The ADP noted that Sections 14(2)(b) and 217 of the 1999 Constitution places an unambiguous obligation on the Nigerian state, to guarantee the security of its people and to defend the nation against external aggression.
According to the Party, these constitutional duties cannot be fulfilled through post-event briefings or diplomatic explanations.
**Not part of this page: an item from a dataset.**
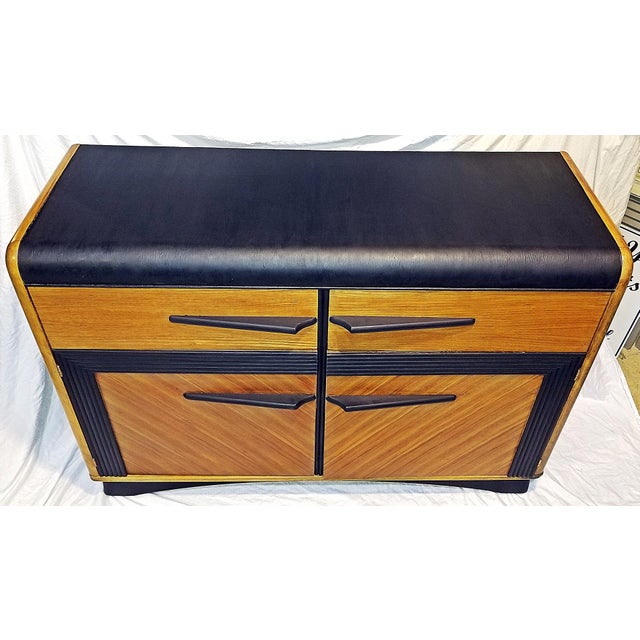 1950s Midcentury Modern-Art Deco Buffet or Dresser For Sale - Image 4 of 9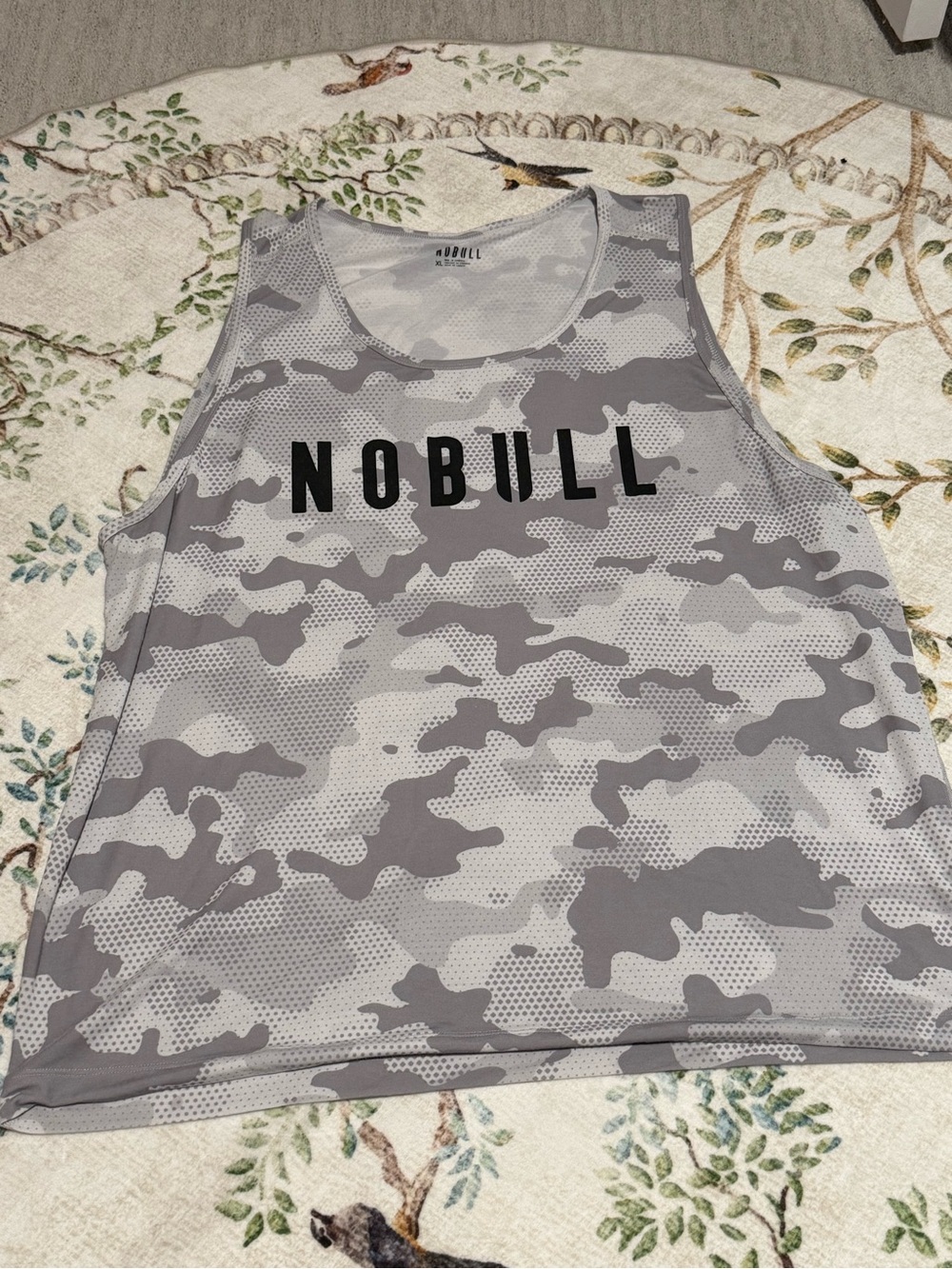 NOBULL Gray Camo Men's Athletic Tank - Picture 2 of 3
Reacting to the absence of a post-strike assessment days after the reported
operation, Engr Sani warned that, “If Nigeria truly knew before the missiles flew, it should know, days later, what they achieved. The inability to verify outcomes on our own soil, exposes a dangerous dependency and a serious erosion of
sovereign control.”
The ADP rejected suggestions that post-event notification or silence amounts to
consent, stressing that any authorization for the use of force within Nigerian
territory must be explicit, constitutionally grounded, and subject to National
Assembly oversight.
“Silence is not consent. Notification is not authorization. Defence policy
cannot lawfully operate in the shadows, outside democratic oversight,
without doing violence to the Constitution itself,” he said.
The Party further cautioned that international cooperation, while valuable, must
never substitute for national capability also pointed that; “Where a state cannot monitor or defend its own airspace, sovereignty becomes theoretical. Cooperation slides into dependence, and dependence ultimately, erodes autonomy.”
Accordingly, the ADP, called for immediate public disclosure of Nigeria’s role, if any, in the reported missile operation, including intelligence, authorization, and command arrangements.
“A comprehensive post-strike assessment to be presented to the National
Assembly and the Nigerian people.
“Urgent investment in integrated national air-defence and surveillance
systems to restore real-time sovereign control of Nigerian airspace.
Strict adherence to constitutional processes in all matters, involving foreign
military activity on Nigerian soil,” he added.